_Exercise objective_
Below are some records. Retype exactly the lines from the one containing "The Malaya Machara" through the one containing "US 7artisans 35mm/50mm/85mm", both included, skipping every picture.

_Records for the exercise_
###

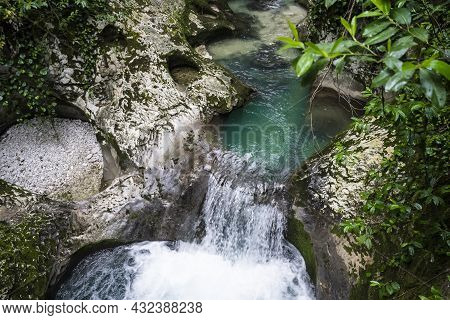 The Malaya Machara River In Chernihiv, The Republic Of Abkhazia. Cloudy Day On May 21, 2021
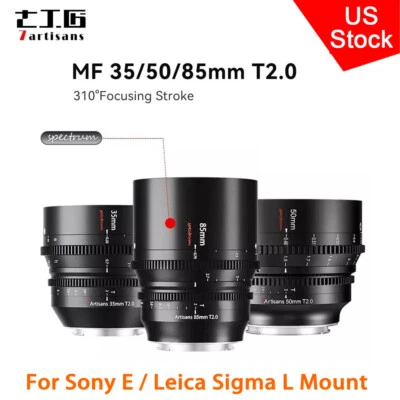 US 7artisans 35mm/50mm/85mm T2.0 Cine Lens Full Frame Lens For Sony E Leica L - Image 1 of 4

###

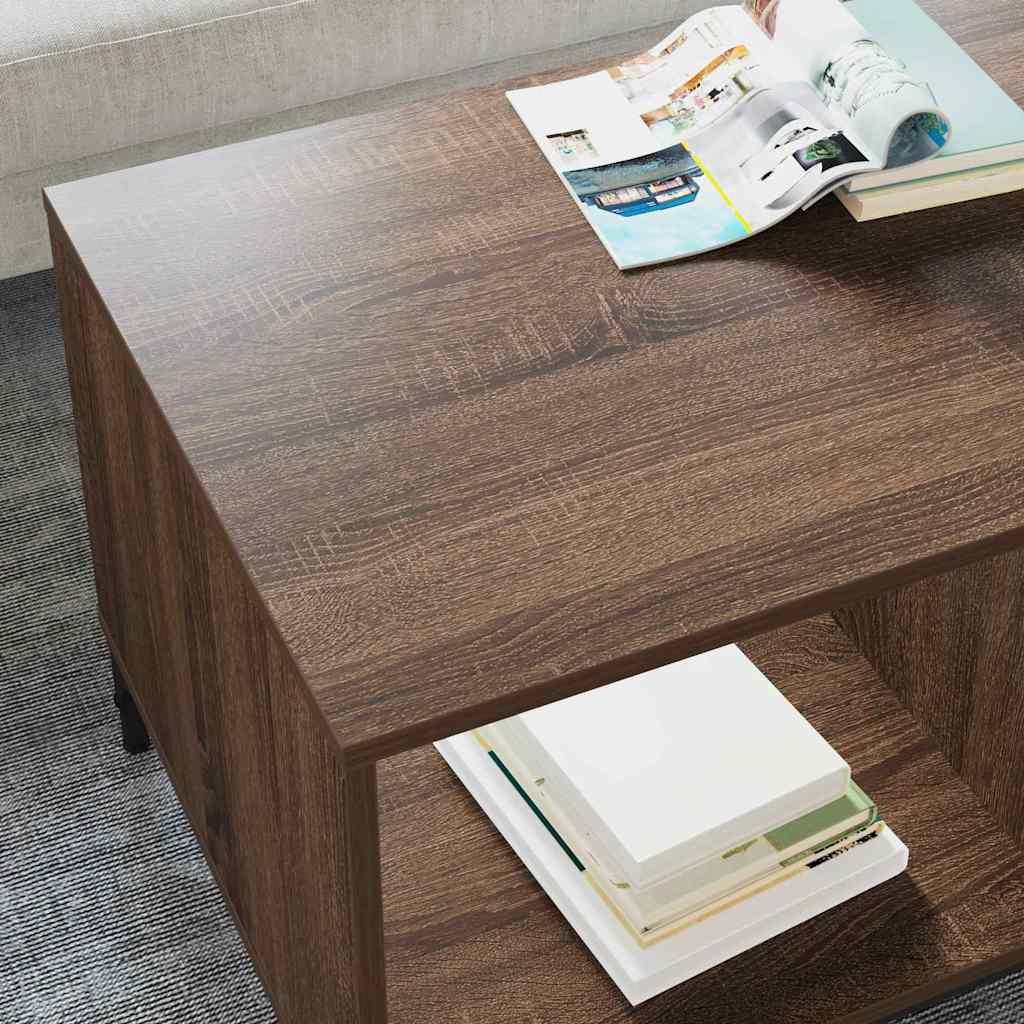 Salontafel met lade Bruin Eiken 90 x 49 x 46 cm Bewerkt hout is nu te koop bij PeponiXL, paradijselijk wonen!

###

_Answer to the exercise_
 The Malaya Machara River In Chernihiv, The Republic Of Abkhazia. Cloudy Day On May 21, 2021
 US 7artisans 35mm/50mm/85mm T2.0 Cine Lens Full Frame Lens For Sony E Leica L - Image 1 of 4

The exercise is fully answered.